- _Work item_
Collect all lines from the records below that include the word "sinn".

- _Available data_

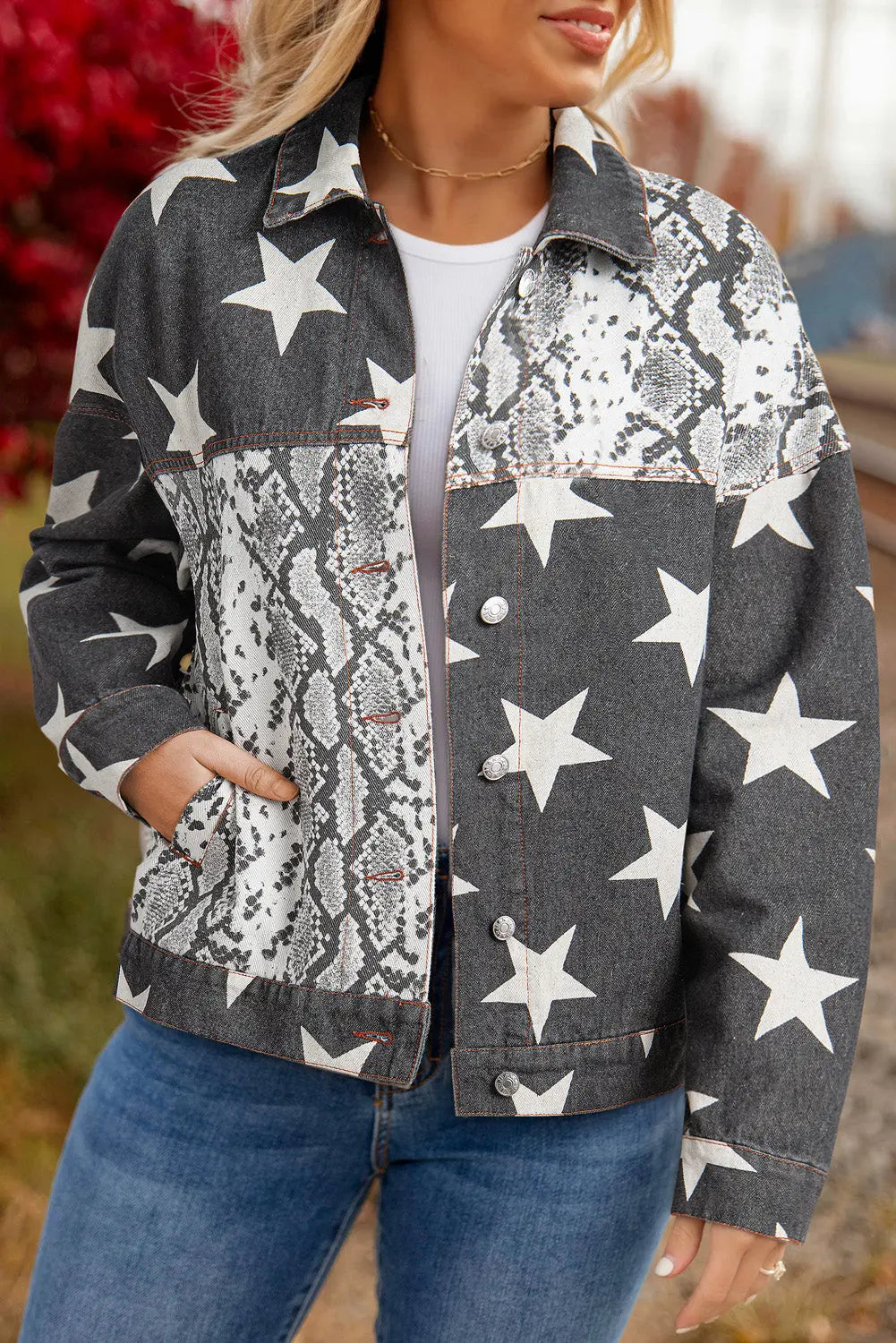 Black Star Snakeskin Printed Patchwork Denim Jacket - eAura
==
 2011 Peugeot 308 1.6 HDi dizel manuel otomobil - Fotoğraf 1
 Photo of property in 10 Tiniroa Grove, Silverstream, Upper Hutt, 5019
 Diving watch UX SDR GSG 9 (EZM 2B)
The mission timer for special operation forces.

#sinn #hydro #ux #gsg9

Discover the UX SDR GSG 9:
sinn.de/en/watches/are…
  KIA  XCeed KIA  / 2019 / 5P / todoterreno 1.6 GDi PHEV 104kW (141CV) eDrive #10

- _Exercise output_
#sinn #hydro #ux #gsg9
sinn.de/en/watches/are…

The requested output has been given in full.